Natura Trims Sales but Slashes Losses by Fourfold Through September
Brazilian beauty giant ends the first nine months with revenues hitting 16.024 billion Brazilian reais ($3 billion), yet reports losses of 1.881 billion reais ($353 million).
Natura is on the road to recovery. The Brazilian cosmetics giant closed the first nine months of the year with a new drop in sales, but having significantly reduced its losses in the period. The group, which owns Avon and Natura, and previously also The Body Shop, is currently immersed in a process of restructuring its portfolio and workforce to cut costs.
According to information published by Natura, the group closed the period with a turnover of 16,024 million Brazilian reais ($3 billion), 1.9% less than a year ago. The company’s gross profit, meanwhile, stood at 10,738 million reais ($2 billion), another 1% lower than a year ago.
Despite the fall in sales, the Brazilian giant also reduced its losses by four times in the first nine months of the current financial year. Whereas last year Natura accumulated losses of 8,491 million reais ($1.59 billion), the figure has narrowed to 1,881 million reais ($353.3 million).
Natura has suffered in the third quarter in its most important markets
As part of its strategy to reduce costs, Natura has been immersed since the beginning of last year in a move to spin off the Avon business outside Latin America. “Natura’s simplification process is finally nearing completion, with the announcement of a binding agreement to sell Avon International and the end of the divestment of Avon Central America and the Dominican Republic,“ the company explained. In mid-2024, in fact, part of this plan also involved the sale of The Body Shop.
By business lines, the group’s eponymous brand increased sales by 5.4% through September, to 12,329 million reais ($2.31 billion). The giant’s turnover through Avon, however, contracted by 17.6% to 2,761 million reais ($581million).

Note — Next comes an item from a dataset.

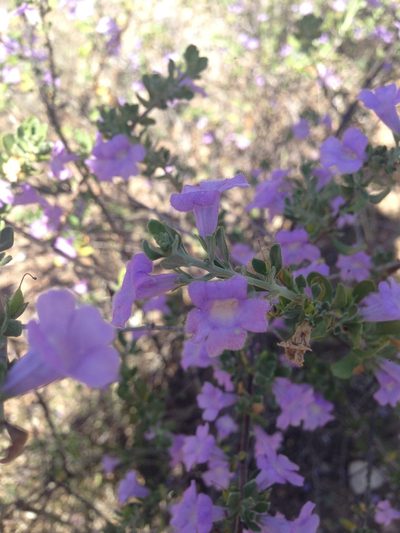 Leucophyllum laevigatum, photographed by Oscar C. González Martínez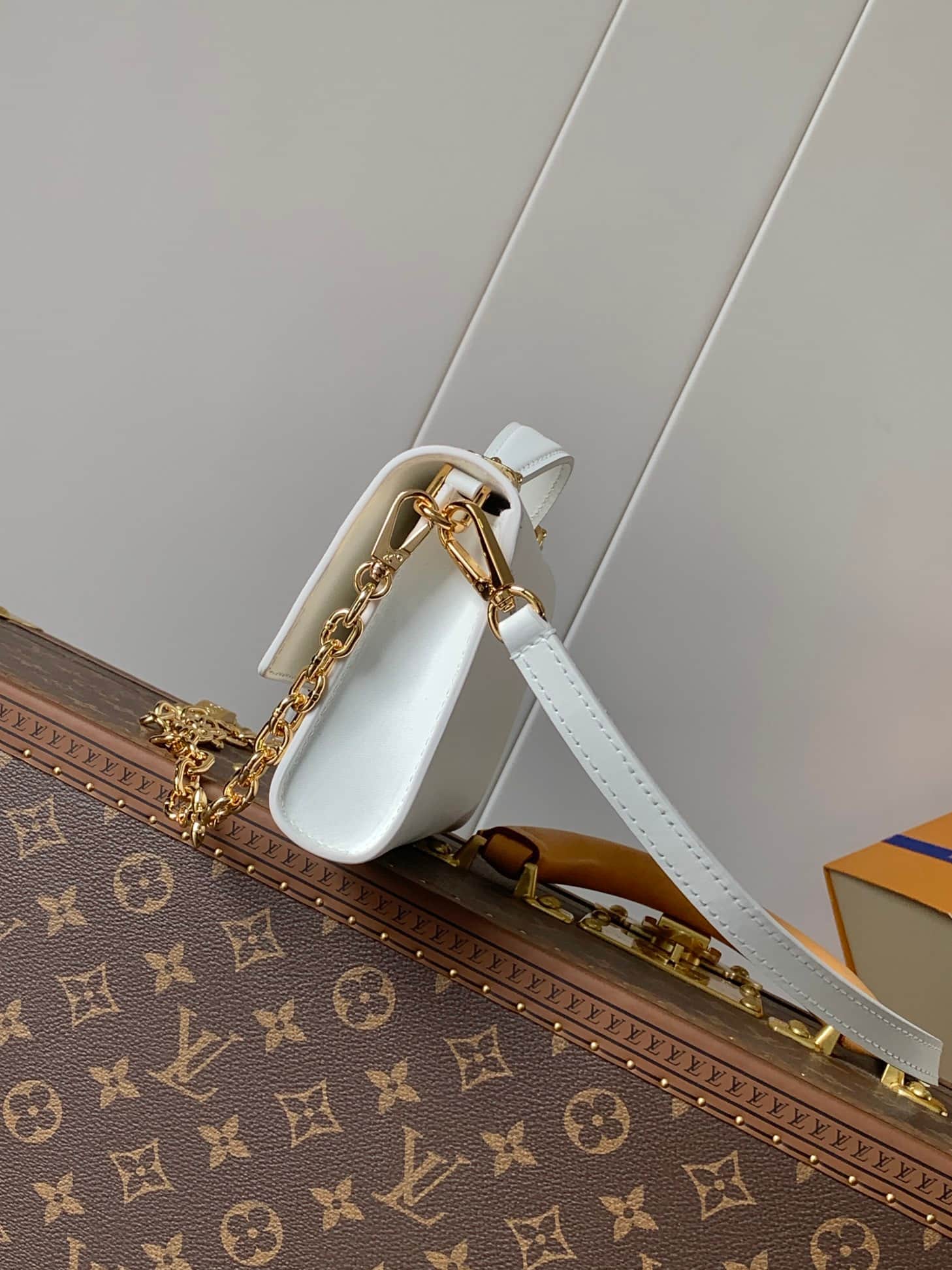 Louis Vuitton Wallet On Chain Capucines Snow Calf leather M12265 High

The group’s performance has been different in its two current markets. In Brazil, Natura posted a turnover of 9,650 million reais ($1.8 billion), 1.8% more than in the first nine months of the previous year. In the rest of Latin America, the giant’s turnover fell by 7.1% to 6,375 million reais ($1.19 billion).
In the third quarter alone, however, Natura’s sales fell steadily both in Brazil and in the rest of Latin America. Specifically, at the end of the last three months, the Brazilian group’s sales in its local market contracted by 3.7% year-on-year, together with the 13.1% drop in the other Latin American markets.
“Despite the progress in our structure, the quarterly evolution has been clearly unsatisfactory,“ explains the company, which attributes the drop to a slowdown in beauty consumption in Brazil. This context in the Brazilian market has coincided with “operational disturbances in Argentina”, which have overshadowed the recovery of the Mexican market, adds Natura. “Together, these three key markets, which account for approximately 85% of our revenues, caused a double-digit decline in our turnover,“ the group concludes.